Wednesday, December 21, 2005

I have a writer friend who absolutely loves rewriting. And almost hates first draft. I have another friend who rarely rewrites, loves the 'rush' of the first draft and then just puts things away and starts a new piece.
Both of these have their drawbacks. The rewriting fiend can't send work out because it always needs one more rewrite. The first draft fiend sends things out occasionally and after one rejection, tosses it in the bottom drawer and moves on to the next story.
I'm somewhere in the middle. I don't enjoy fiddly rewrites, where I'm doing very little to the story, but I recognise they need to be done. It's where the sentences matter, where the language improves, where the characterisation deepens. But it can also be where I step too far back from the voice and the action and then I start to lose the depth of character. I try now in rewrites to imagine myself into the heart of the story and work from there. This is where the silent house is important. Nothing to distract me from the heart.
A few years ago, I listened to Adib Khan speak (he is an Australian literary author) and he says he does four drafts, but for the first three, he puts the previous draft aside, doesn't even look at it again and starts the new draft from scratch. Each new draft is like a distillation of the previous.

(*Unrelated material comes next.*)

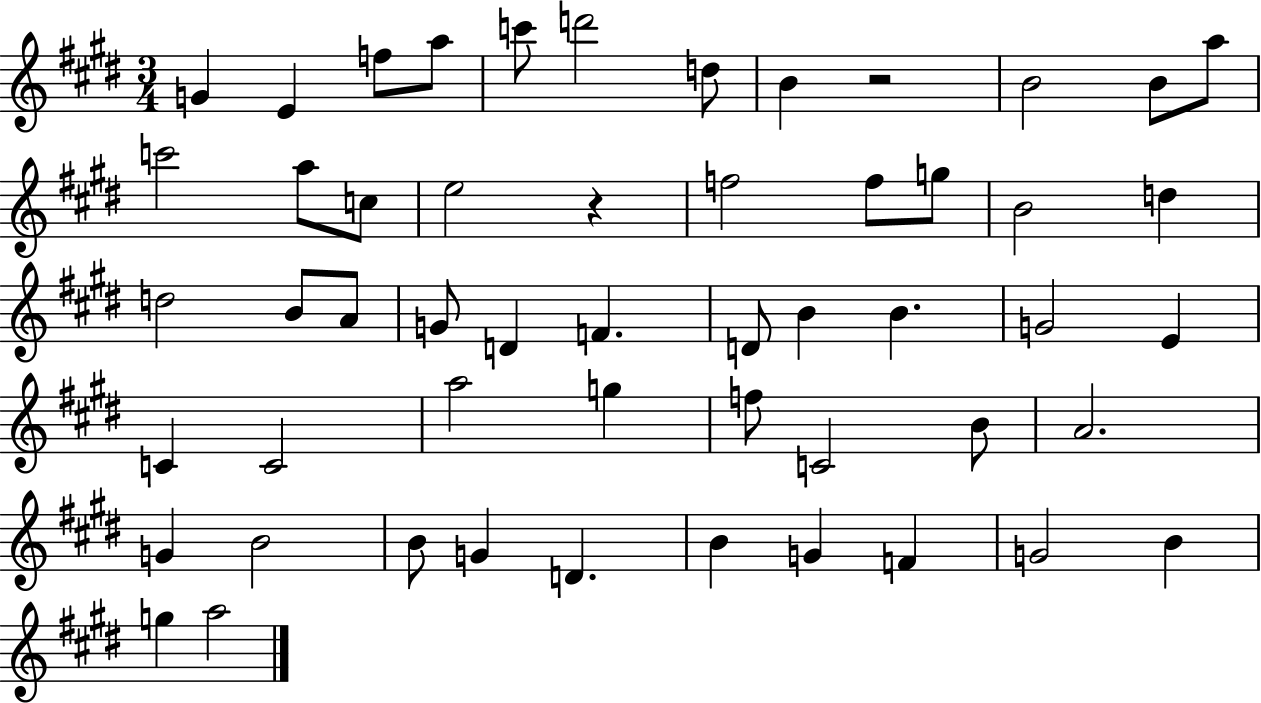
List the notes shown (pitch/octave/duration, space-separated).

G4/q E4/q F5/e A5/e C6/e D6/h D5/e B4/q R/h B4/h B4/e A5/e C6/h A5/e C5/e E5/h R/q F5/h F5/e G5/e B4/h D5/q D5/h B4/e A4/e G4/e D4/q F4/q. D4/e B4/q B4/q. G4/h E4/q C4/q C4/h A5/h G5/q F5/e C4/h B4/e A4/h. G4/q B4/h B4/e G4/q D4/q. B4/q G4/q F4/q G4/h B4/q G5/q A5/h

I have found this also to be useful. It helps to re-vision the story, rather than just fiddle around the edges.
But everyone is different. What to do with a new work that suddenly develops into something unexpected? That's where I am with a YA novel right now. I thought it might work based on emails, but the character has other ideas. This will be a novel where I do a lot of experimenting, on the basis that not all of it will work, and I might have to throw out lots of pages. But the central story and character excite me, so it will be fun. Even the rewrites sound promising already!